/cantonese-nlp-benchmark

Benchmark for Cantonese word segmentation and pos tagging

Primary LanguagePythonMIT LicenseMIT

cantonese-nlp-benchmark

This repo contains Cantonese word segmentation and part-of-speech tagging benchmark code and scores.

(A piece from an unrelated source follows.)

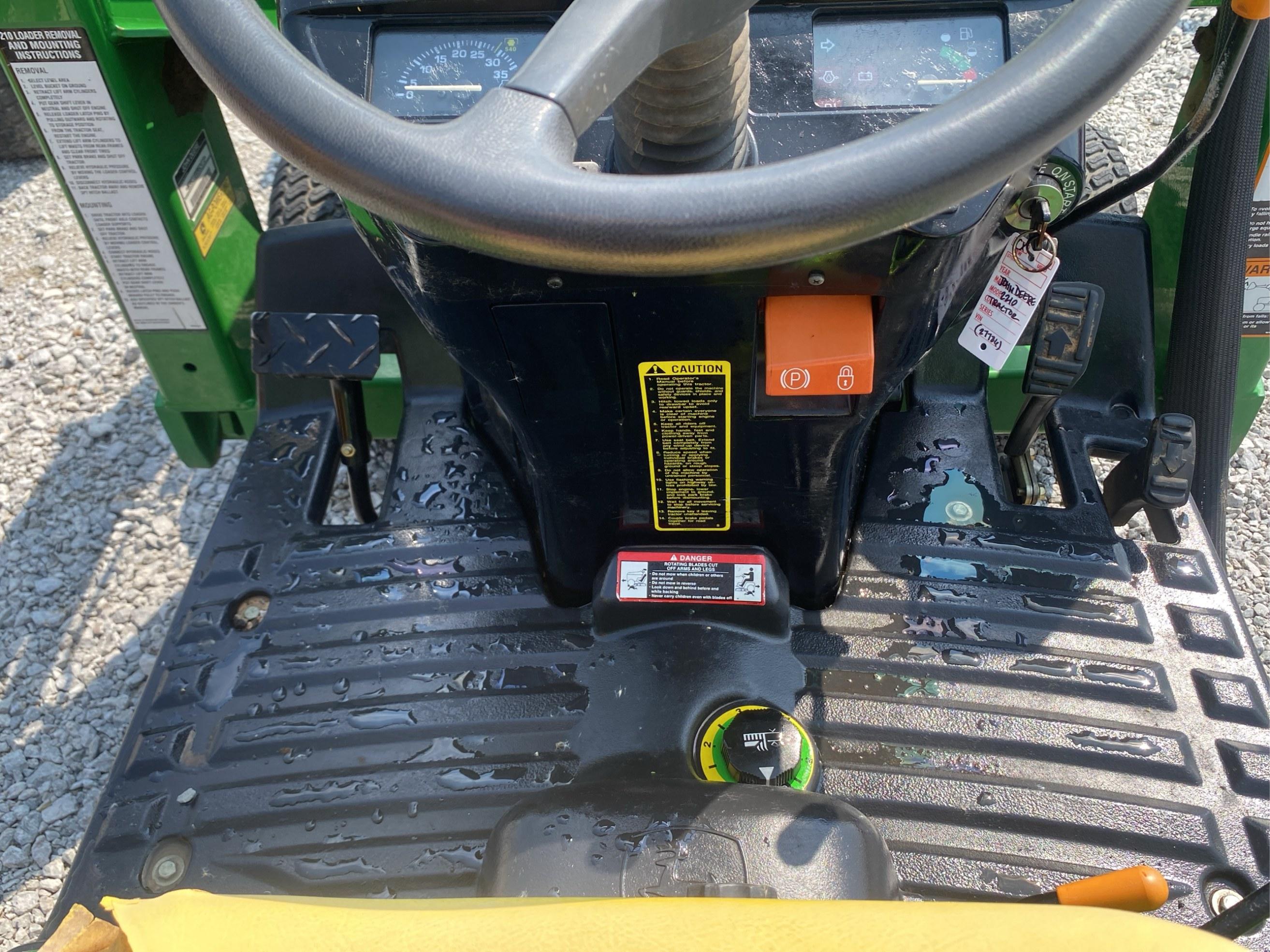 John Deere 2210 Loader Tractor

It uses the metrics returned by the spaCy Scorer.

Benchmark Datasets

NLP Tools Compared

Scores

UD Cantonese HK

ud_hk pos_acc token_f token_p token_r
spaCy sm 0.60 0.72 0.74 0.69
spaCy trf 0.71 0.72 0.74 0.69
pkuseg 0.61 0.83 0.84 0.82
cantoseg 0.37 0.86 0.87 0.85
jieba 0.40 0.82 0.81 0.84
PyCantonese 0.74 0.86 0.87 0.85
CKIP 0.77 0.89 0.89 0.90

UD Chinese HK

ud_hk pos_acc token_f token_p token_r
spaCy sm 0.69 0.82 0.83 0.81
spaCy trf 0.80 0.82 0.83 0.81
pkuseg 0.71 0.92 0.93 0.90
cantoseg 0.49 0.84 0.86 0.81
jieba 0.47 0.84 0.87 0.82
PyCantonese 0.65 0.84 0.85 0.83
CKIP 0.81 0.93 0.93 0.92

Hong Kong Cantonese Corpus

PyCantonese was trained on this corpus and so this is not a fair test for it.

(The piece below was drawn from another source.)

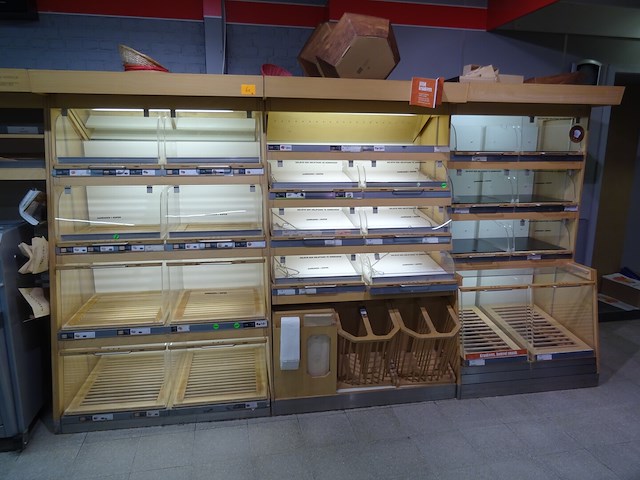 Houten broodwandmeubel - afbeelding 1 van  5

ud_hk pos_acc token_f token_p token_r
spaCy sm 0.51 0.64 0.68 0.60
spaCy trf 0.61 0.64 0.68 0.60
pkuseg 0.39 0.76 0.78 0.74
cantoseg 0.38 0.90 0.93 0.87
jieba 0.36 0.80 0.79 0.81
PyCantonese 0.91 0.90 0.93 0.87
CKIP 0.64 0.84 0.83 0.85

Reproduce

Download the UD datasets, run spaCy convert with default options and place the files inside ./data.

To run jieba tests, the dictionaries are assumed to be inside ./jieba.

Versions

The following software versions were used to produce the numbers above.